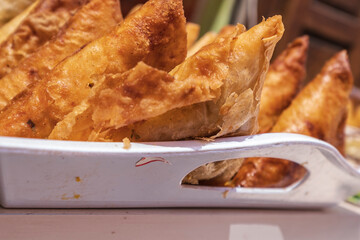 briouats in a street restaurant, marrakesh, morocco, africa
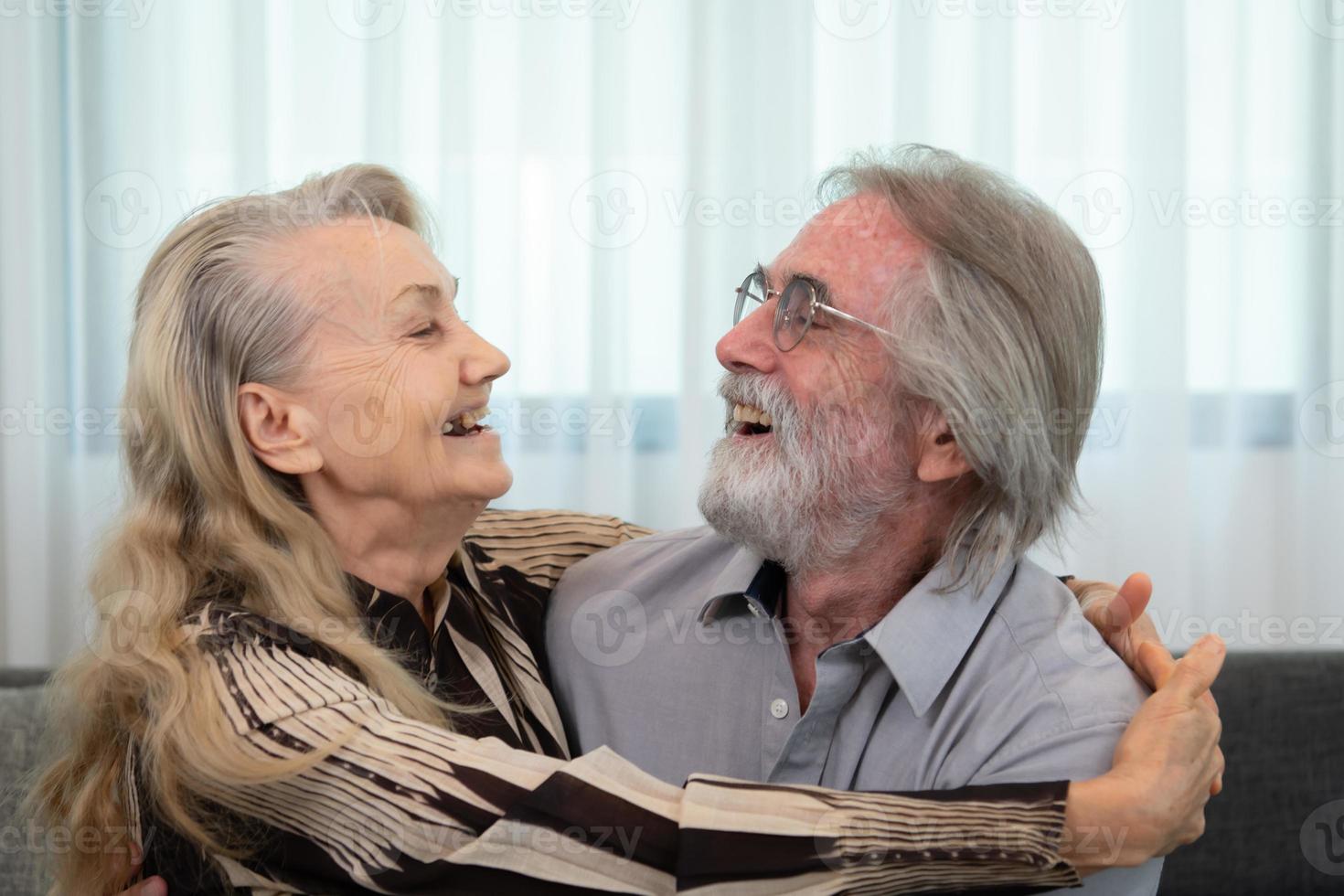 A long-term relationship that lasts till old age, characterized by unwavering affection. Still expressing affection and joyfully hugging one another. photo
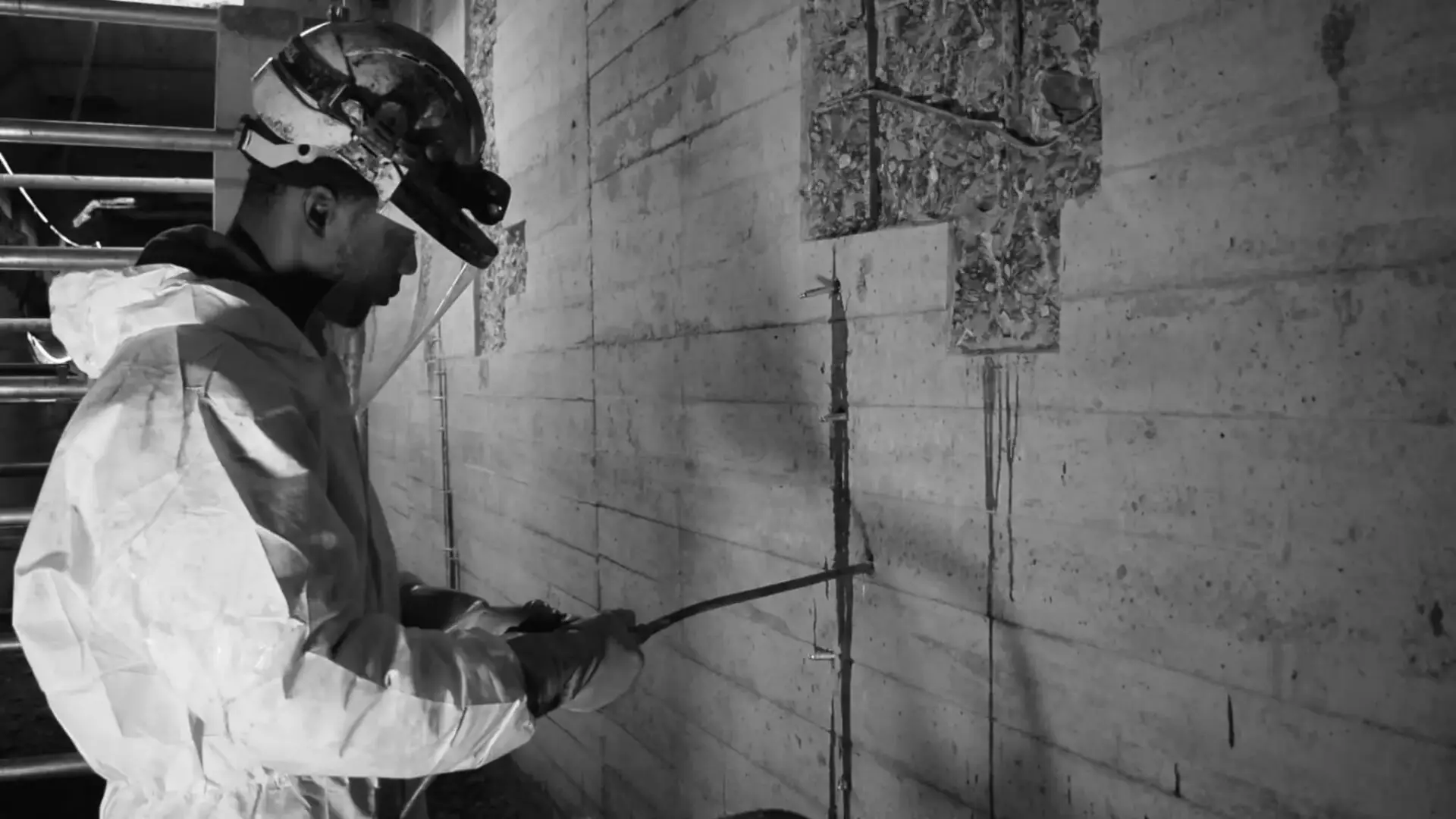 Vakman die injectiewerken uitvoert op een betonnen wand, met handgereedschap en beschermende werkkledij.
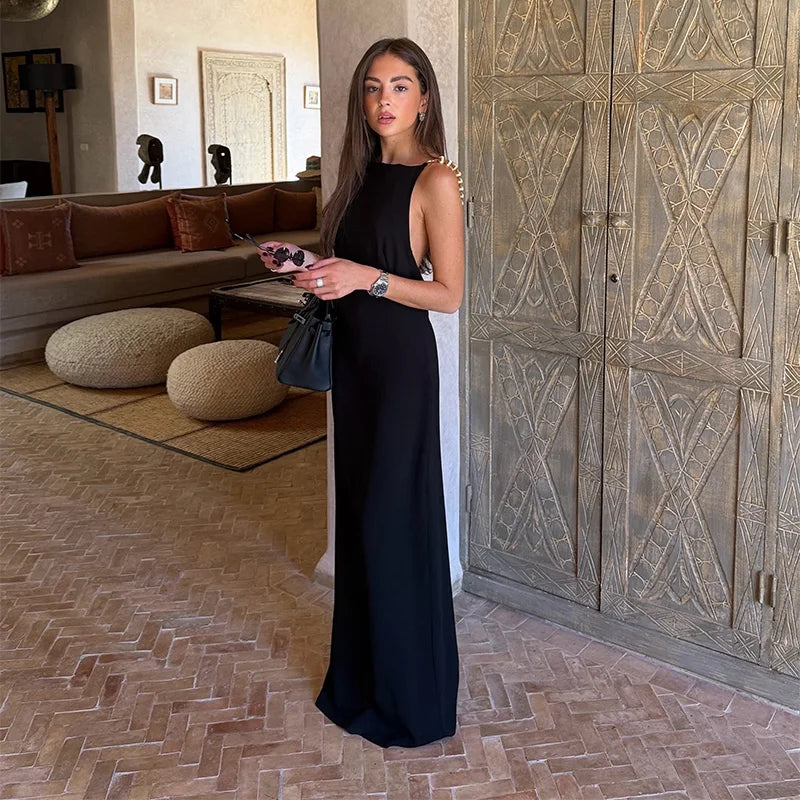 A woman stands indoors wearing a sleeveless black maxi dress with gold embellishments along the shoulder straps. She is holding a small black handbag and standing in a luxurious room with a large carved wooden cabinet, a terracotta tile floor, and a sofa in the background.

......

● Work item
When copying the listing, skip the pictures and keep each line exactly as written.

● Answer section
 briouats in a street restaurant, marrakesh, morocco, africa
 A long-term relationship that lasts till old age, characterized by unwavering affection. Still expressing affection and joyfully hugging one another. photo
 Vakman die injectiewerken uitvoert op een betonnen wand, met handgereedschap en beschermende werkkledij.
 A woman stands indoors wearing a sleeveless black maxi dress with gold embellishments along the shoulder straps. She is holding a small black handbag and standing in a luxurious room with a large carved wooden cabinet, a terracotta tile floor, and a sofa in the background.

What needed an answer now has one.